** Records to process follows **

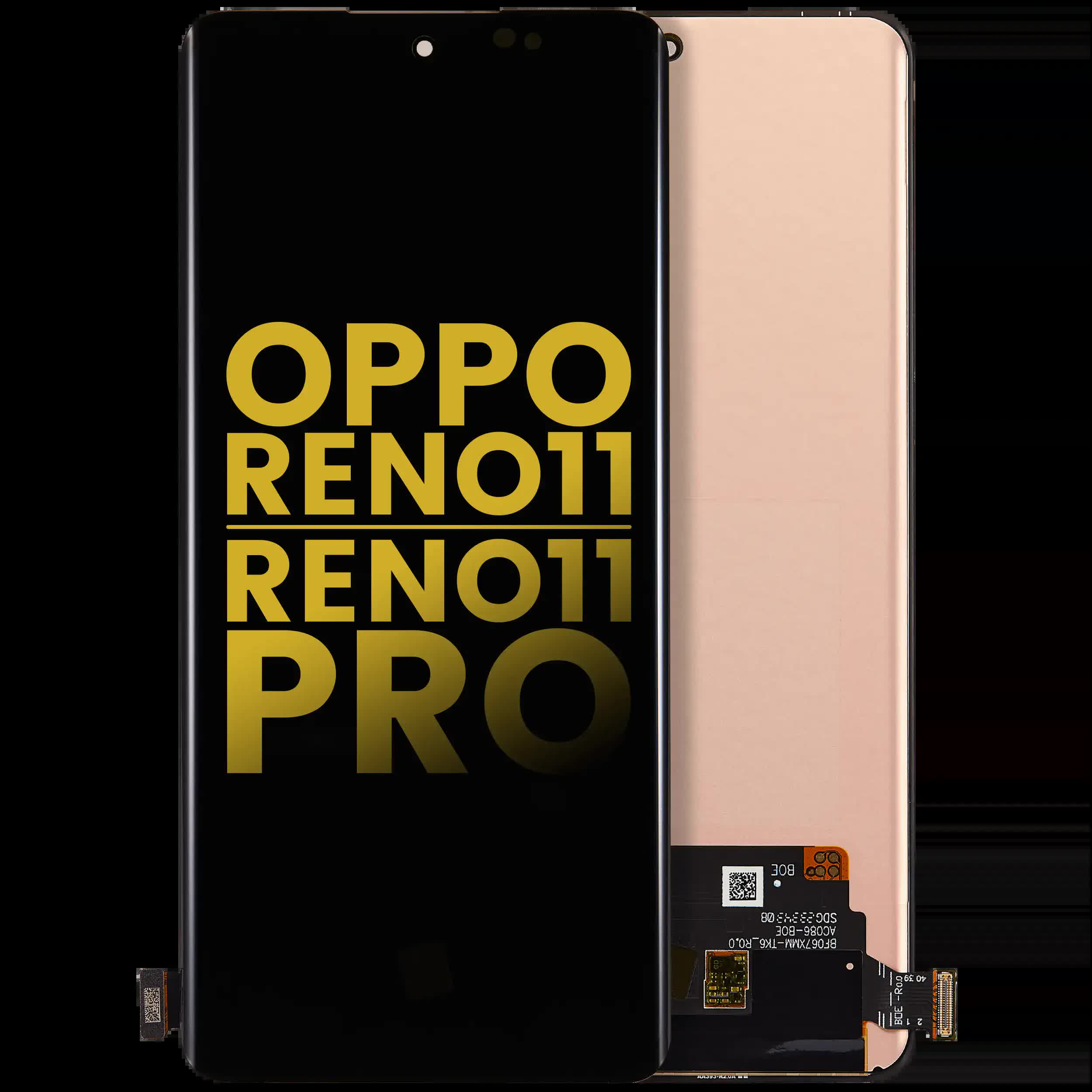 OLED Display ohne Rahmen für Oppo Reno11 / Reno11 Pro (professionell aufgearbeitet)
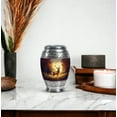 thumbnail image 5 of JAGASY Deer Funeral Urns for Boy & Girl - Forest Sunset Decorative Small Urn for Ashes Adult Male - Brown Urn for Human Ashes Keepsake - Mini Cremation Urns for Friend - (3 Inch), 5 of 7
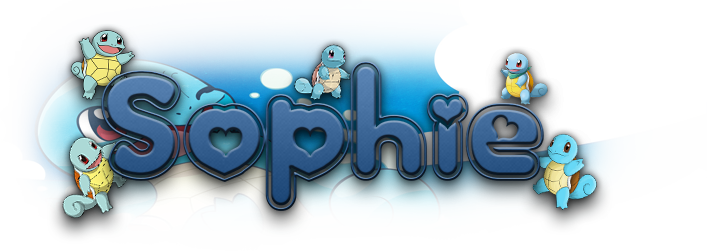 Sophie Loves Squirtle , Squirtle Loves Sophie <333 - Cartoon (707x251), Png Download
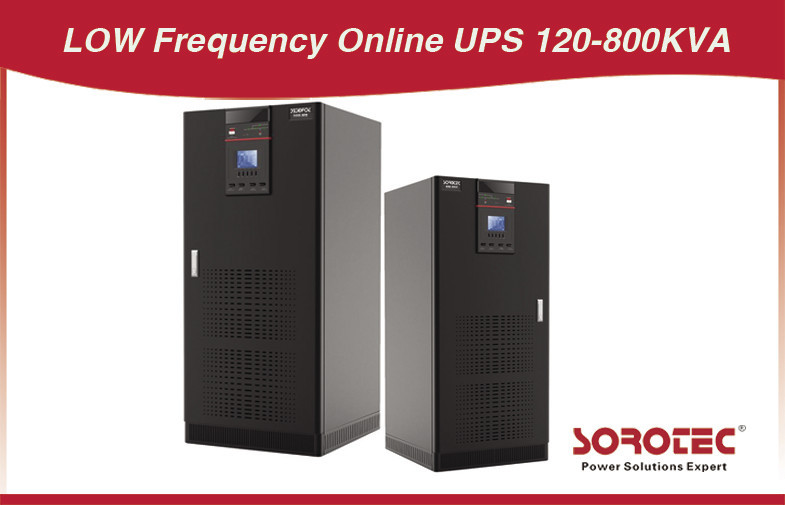 Podwójna konwersja 120 - 800KVA UPS o niskiej częstotliwości UPS / nieprzerwany zasilacz 50 / 60HZ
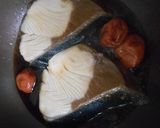 ブリ切り身の梅煮作り方7写真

** End of Records to process **

▶ _Exercise_: Return word for word the line bearing "Sophie Loves Squirtle" and every later line of the entries, but none of the pictures.

▶ _Solution to the problem_:
 Sophie Loves Squirtle , Squirtle Loves Sophie <333 - Cartoon (707x251), Png Download
 Podwójna konwersja 120 - 800KVA UPS o niskiej częstotliwości UPS / nieprzerwany zasilacz 50 / 60HZ
 ブリ切り身の梅煮作り方7写真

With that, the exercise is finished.